━━━ EXTRACTED DATA ━━━

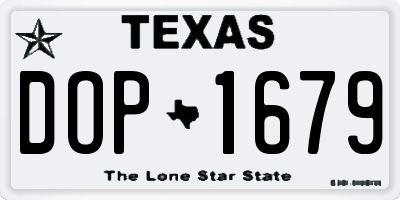 TX license plate DOP1679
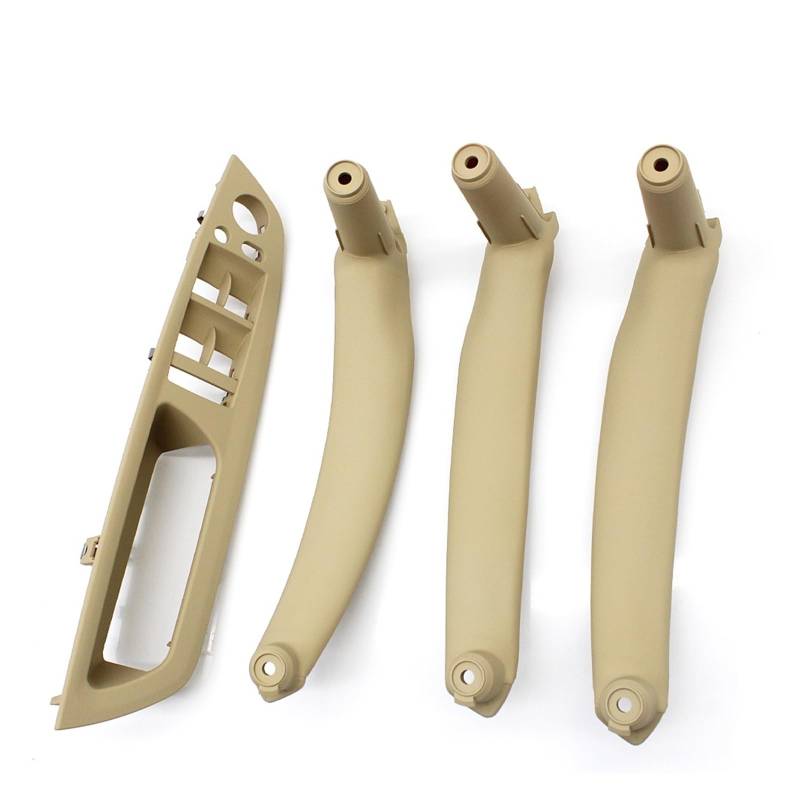 Autotürgriff Für E70 E71 X5 X6 E72 2007-2014 LHD RHD 4 Stücke Set Tür Fenster Schalter Panel Armlehne Ziehen Griff Abdeckung Trim Türgriff(LHD Beige Set) von SGHFUVE
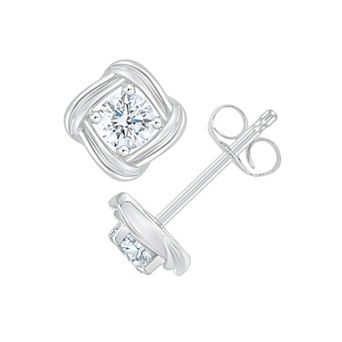 Brilliant Love Sterling Silver 1/2 Carat T.W. Lab-Grown Diamond Solitaire Earrings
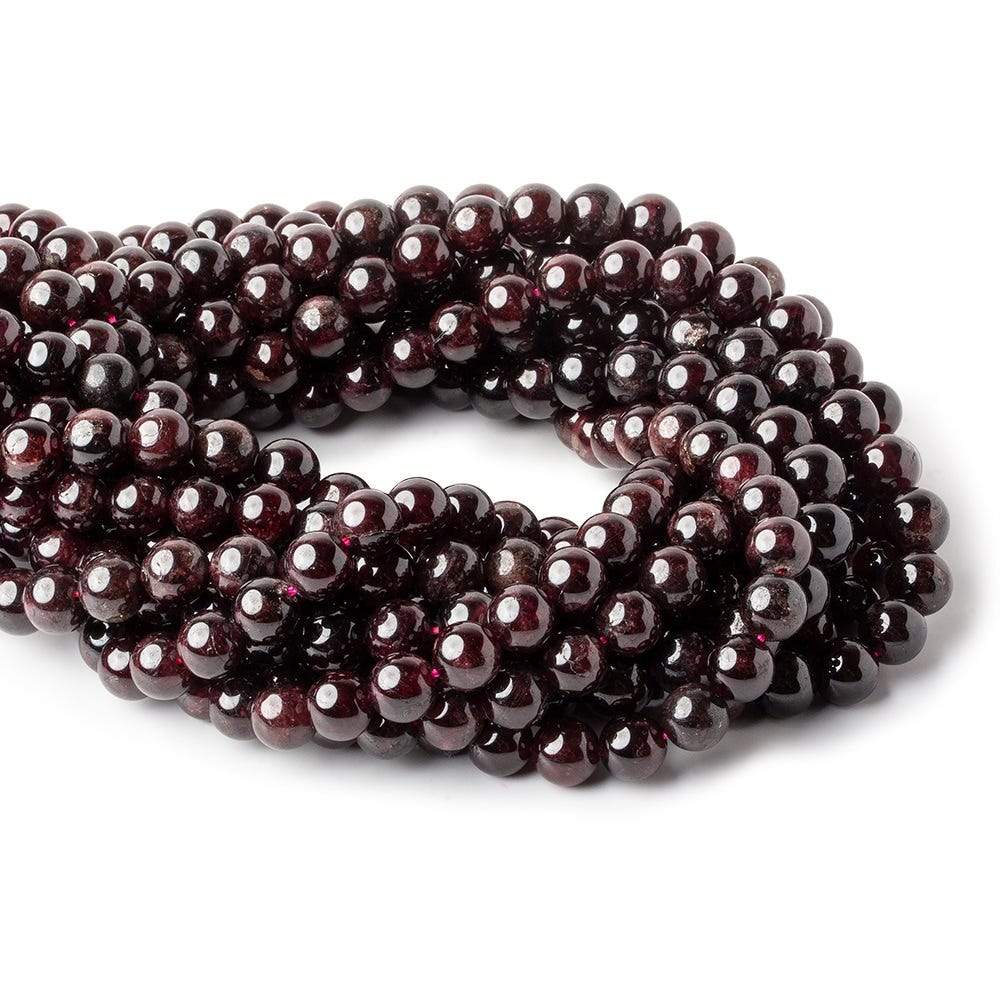 7.5-8mm Garnet plain round beads 15 inch 50 pieces A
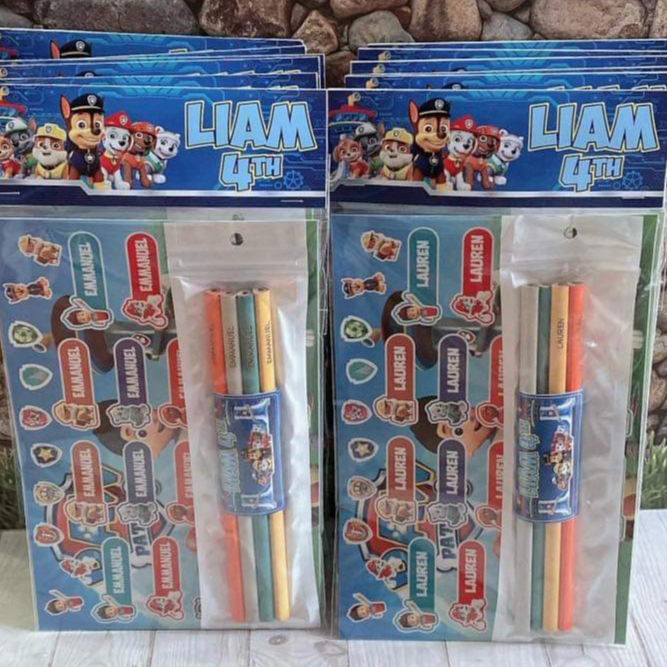 

Goodie Bag stiker label & pensil grafir - souvenir ulang tahun anak custom hampers ultah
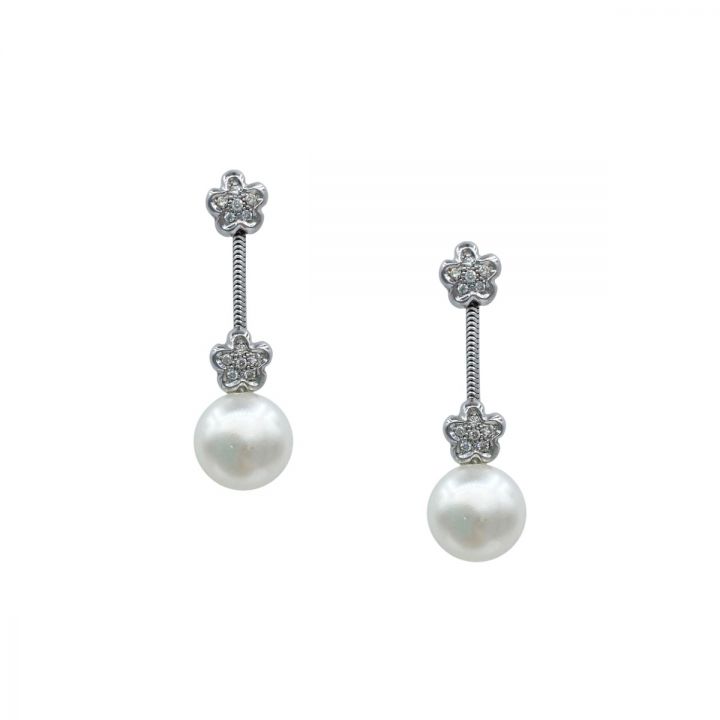 Stardust Pearl Earrings [18K White Gold] 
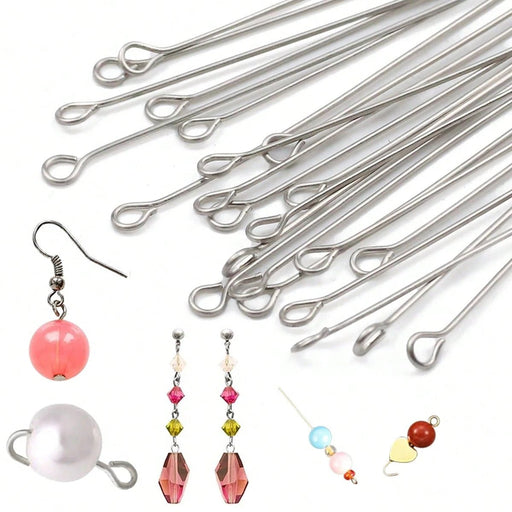 SHEIN 100 Piezas De 20Mm Alfileres De Cabeza De Nueve Caracteres De Acero Inoxidable - Quierox - Tienda Online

━━━

§ **EXERCISE PROMPT**:
Please reproduce, word for word, every line from the first line of the records above through the line containing "Autotürgriff Für E70", and leave out the pictures.

§ **ANSWER SPACE**:
 TX license plate DOP1679
 Autotürgriff Für E70 E71 X5 X6 E72 2007-2014 LHD RHD 4 Stücke Set Tür Fenster Schalter Panel Armlehne Ziehen Griff Abdeckung Trim Türgriff(LHD Beige Set) von SGHFUVE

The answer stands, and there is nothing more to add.